Segnali di una deriva verso l’estrattivo
Oggi, però, alcuni osservatori – economisti, analisti di mercato, imprenditori – iniziano a leggere segnali di una possibile transizione verso un modello meno aperto e più “estrattivo”. Tra gli indizi:
Influenza politica sull’economia: aziende che prosperano non per innovazione o efficienza, ma grazie a sussidi, protezioni tariffarie o appalti pubblici.
Concentrazione del potere economico: disuguaglianze crescenti che limitano la competizione e restringono la base di consumo.
Indebolimento delle istituzioni indipendenti: banche centrali, agenzie di controllo e altri organismi tecnici sempre più soggetti a pressioni politiche.
In questo scenario, la “distruzione creativa” – motore dell’innovazione americana – rallenta. E il successo economico rischia di dipendere più dalle relazioni con il potere che dalla qualità dei prodotti o dalla visione strategica.
Il modello Buffett in un mondo instabile
Il metodo Buffett si basa su una premessa chiave: che le regole siano stabili e che il futuro possa essere stimato con ragionevole sicurezza. Se investo oggi in un’azienda con solide basi, posso aspettarmi che tra 10 anni continui a produrre valore.
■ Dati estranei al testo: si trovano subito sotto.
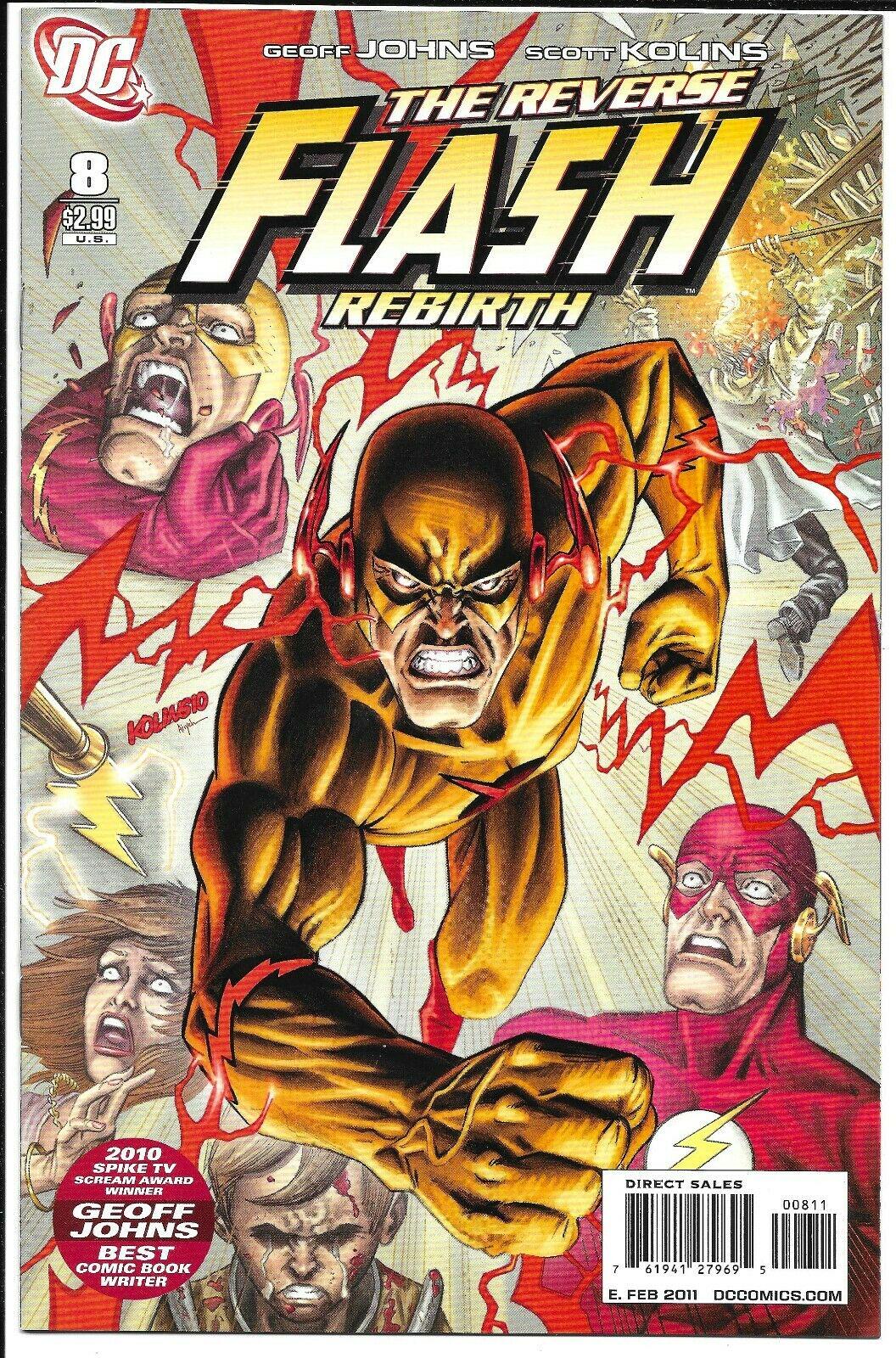 Flash: Rebirth (2011) Prices | Flash: Rebirth Series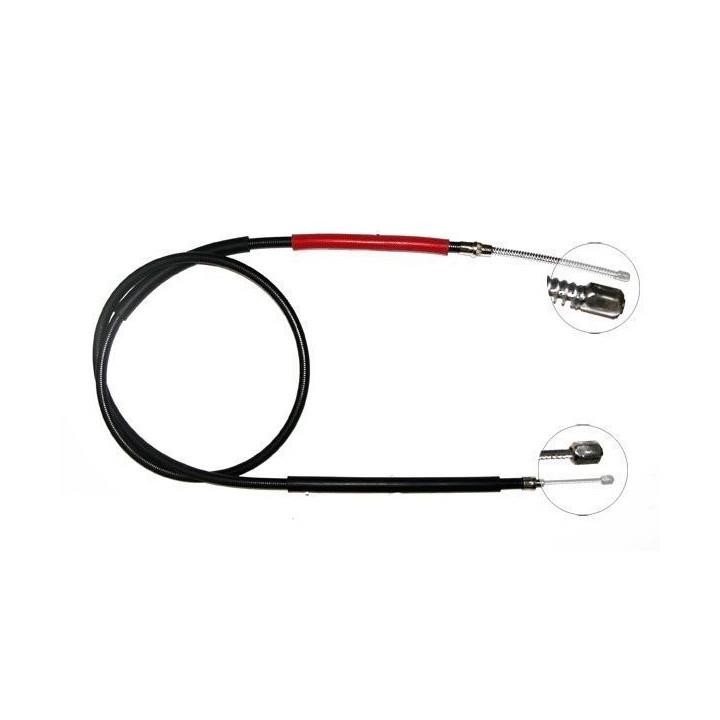 ABS K10018 Parking brake cable, right K10018: Buy near me in Poland at 2407.PL - Good price!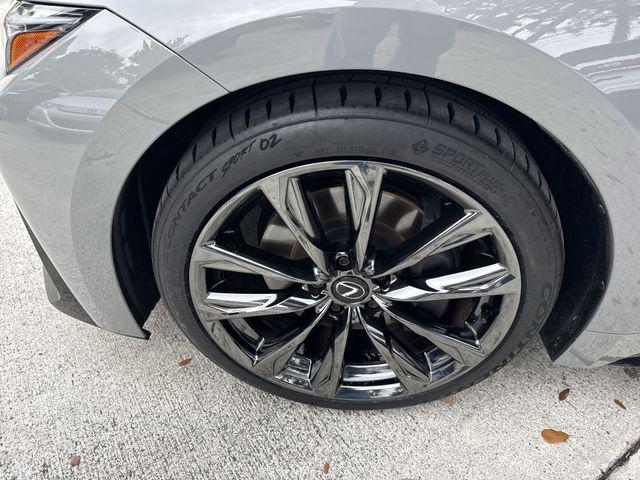 2025 Lexus IS 350 F SPORT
Ma in un contesto istituzionale più instabile o più politicizzato:
I vantaggi competitivi non derivano più solo dall’efficienza, ma dalla protezione normativa.
Le valutazioni di mercato sono influenzate da fattori esterni arbitrari.
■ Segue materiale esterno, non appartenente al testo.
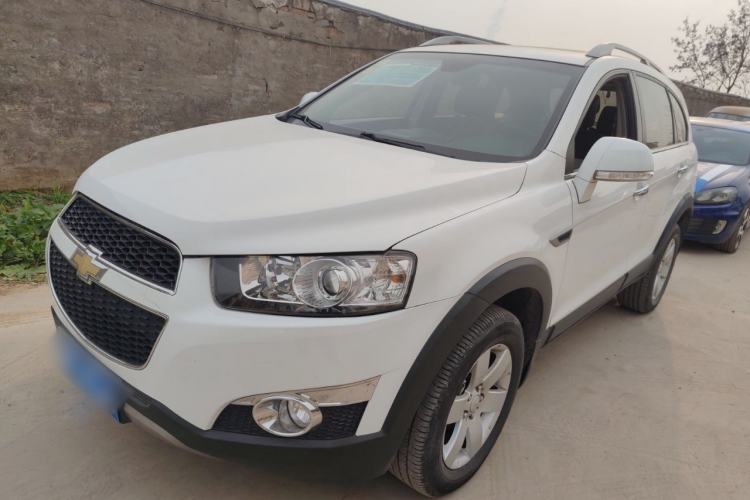 Used Chevrolet Captiva 2014 2.4L Two-Wheel Drive City Edition 5 Seats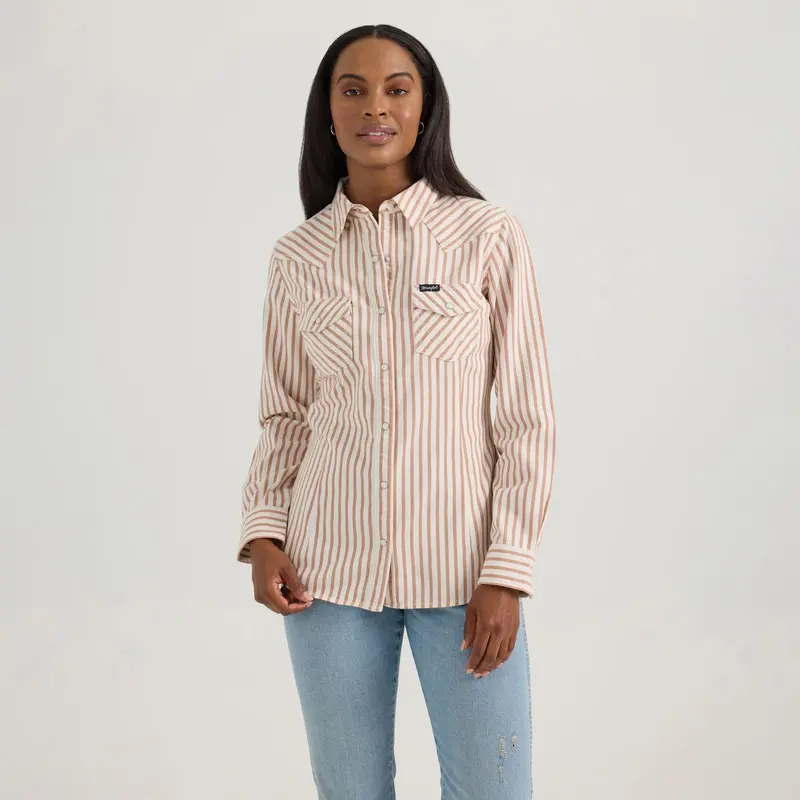 Ladies Wrangler Retro® Americana Shirt - 112360754 1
L’investitore non analizza solo conti economici, ma scenari politici, regolatori e geopolitici.
È un terreno dove l’esperienza accumulata da Buffett – fondata su 70 anni di capitalismo prevedibile – rischia di diventare sempre meno efficace.
Cosa significa per chi investe oggi (anche in Italia)
Questo cambiamento ha implicazioni concrete anche per chi investe dall’Italia, soprattutto con patrimoni importanti. Un investitore oggi deve chiedersi: sto scegliendo aziende premiate dal mercato, o aziende protette dal potere?
Quattro riflessioni operative:
Diversifica anche per stabilità istituzionale, non solo per area geografica.
Analizza il rischio normativo e politico, non solo il rischio di mercato.
Valuta settori più resilienti: acqua, sanità, infrastrutture di base.
Segui il ciclo politico, specialmente nei paesi dove il potere economico è sempre più centralizzato.
Chi vince in un'economia meno inclusiva
Se il capitalismo diventa più estrattivo, anche il profilo del “vincitore” cambia:
Aziende vicine al potere: difesa, sanità convenzionata, grandi opere.
Controllori di risorse scarse: energia, acqua, terre rare.
Prodotti di lusso: quando la disuguaglianza aumenta, il segmento premium regge.
Settori regolamentati: concessioni, licenze, mercati chiusi.
In questo scenario, l’investitore capace non è solo colui che trova valore nascosto, ma chi comprende dove si sposta il baricentro del potere.
Dal valore al potere
L’America che ha sostenuto la crescita di Buffett esiste ancora, ma è sotto pressione. Se le istituzioni diventano meno neutrali e più strumentalizzate, allora il mercato smette di premiare chi crea valore e inizia a favorire chi gestisce – o influenza – il potere.
Il rischio per Buffett, e per chi ne segue l’approccio, non è di aver sbagliato strategia, ma di trovarsi in un mondo che non riconosce più quelle regole. E allora il vero talento, domani, non sarà più leggere un bilancio. Ma leggere il contesto politico.